When she was seventeen, a friend took her to a Zen gathering hosted by Richard Clarke, a controversial student of Philip Kapleau who – it is generally held – began teaching without Kapleau’s authorization to do so. But the practice appealed to her, and she found Clarke a supportive teacher. So she began sitting regularly and attending sesshin. She had also enrolled in Divinity School, leaving when she realized it wasn’t a good fit.

After meeting Rinsen, she accompanied him to retreats at Zen Mountain Monastery. They had the opportunity to work with Daido Loori and, later, Myotai Treace. But the situation became difficult after her daughter was born, and she was no longer able to attend regularly.
Eventually she and Rinsen came to study with Melissa Blacker and James Ford at the Boundless Way Temple in Worcester. They became so deeply involved in the practice that eventually Melissa told them, “‘Hey. You guys are priests. You’re doing it. So let’s just ordain you.’ We’d been studying for decades and were doing the retreats at Lourde’s College,[1] which is a nunnery basically, and we decided to do the ordination at the nunnery. So, I think I’m the only woman to get ordained as a priest in a convent.”
I ask her what her responsibilities are now that she has received denbo.
“Well, my primary responsibility,” she tells me, “is to fully inhabit Buddhahood.” She resists any efforts to get her to be more specific. It is, for her, a matter of embodying the Dharma.
“You’d considered being an Episcopal priest at one time,” I point out. “Is there a pastoral aspect to your work with students now?”
“I’m just there for them. It’s just living my life and making my life available for everybody. So my priesthood is like, ‘My hands are for you. My eyes are for you. My brain is for you. My life is for you.’”

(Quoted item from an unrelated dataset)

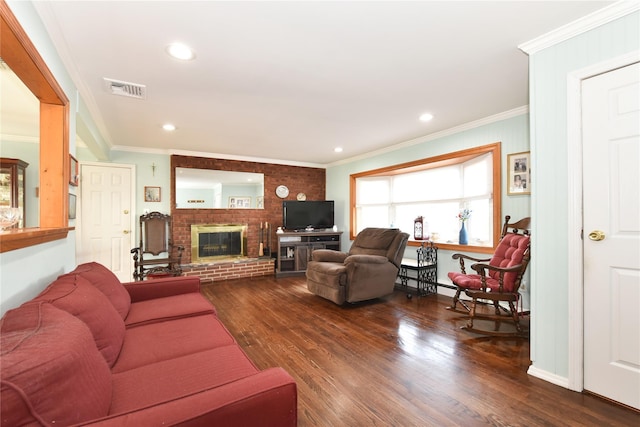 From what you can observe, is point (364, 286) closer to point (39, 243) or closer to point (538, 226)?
point (538, 226)

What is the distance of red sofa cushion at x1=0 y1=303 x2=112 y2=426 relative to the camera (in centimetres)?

I ask how she expects Zen practice to impact people.
“I fully expect that everyone is going to recognize they are a Buddha.”
“That’s your hope for your students?”
She nods her head. “Yeah. That everybody fully awakens to their Buddhahood. Buddhas are here to make sure all people are Buddhas. So you are constantly giving your practice away, and God knows there’s plenty of work to do.”